No hay ansiedad que adelante acontecimientos deseados, ni impaciencia que haga que el reloj avance más rápido, sino que al contrario, a veces te hace creer que está parado o que anda al revés. Lo cierto es que el momento llega a su momento y lo que tiene que madurar madura o se queda verde… para siempre, o esto, o lo otro y bla, bla, bla… y a veces cuando me pongo nerviosa tiendo a parlotear. Dada mi profesión de abogada, voy aprendiendo a controlarme, pero en un día como aquél, sentada en el taxi, no podía evitar que mi yo interior charlara compulsivo con ese otro yo, que tampoco dejaba de cotorrear y que no sé de dónde diablos sale cuando estoy tan tensa.
El caso es que al fin iba a encontrarme con él.
No conseguí dormir bien aquella noche.

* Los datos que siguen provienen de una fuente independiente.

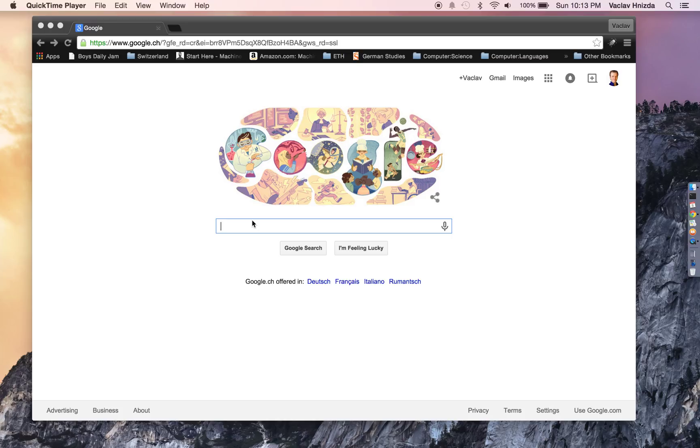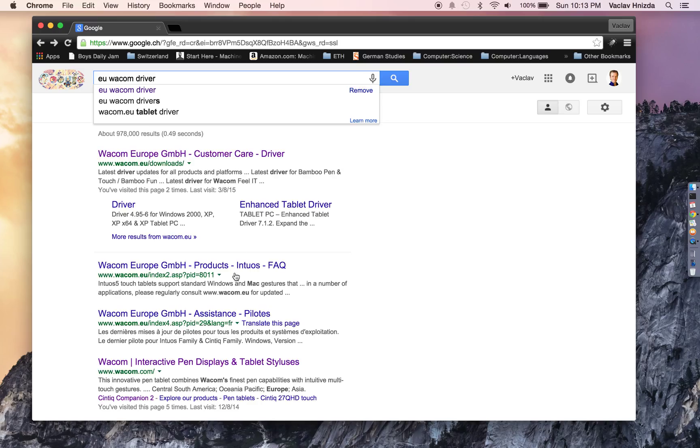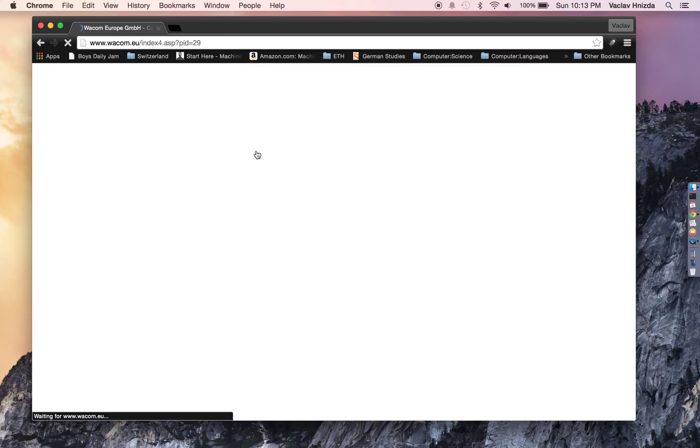This is a quick tutorial on how to find the latest drivers for your Wacom Cintiq Companion 2. The easiest way is to just type it into Google search. Since I purchased mine in Europe, I'm going to type in EU Wacom driver. Here it's already showing me a link, so I'm going to go ahead and go there.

Tan pronto pensaba en lo que debió de sentir Enric en sus últimas horas o en qué pudo hacer esos días que el comisario Castillo no había logrado reconstruir, o que Alicia estuvo demasiado cariñosa, con esas caricias de alguien que sabe bien cómo dar placer, o en el estremecimiento de saber que en mi anillo había restos humanos, o qué depararía esa misteriosa herencia de la mañana siguiente y que al fin vería a Oriol.
Y volvía a empezar. Me preguntaba cómo reaccionaría Oriol al encontrarnos, qué relación tendría esa herencia leída trece años después de la muerte de Enric con el asesinato de esos hombres en Sarriá, me decía que quizá fue una equivocación aceptar la invitación de Alicia, y veía brillar ese rubí de sangre. En sueños, medio dormitando, llegué a obsesionarme pensando que la piedra quería advertirme de algo.
Y acto seguido el carrusel de imágenes y pensamientos empezaba a girar de nuevo.
Algo sí pude dormir, pero es difícil precisar cuánto, lo cierto es que por la mañana necesité recurrir al maquillaje para disimular un poco mis ojeras.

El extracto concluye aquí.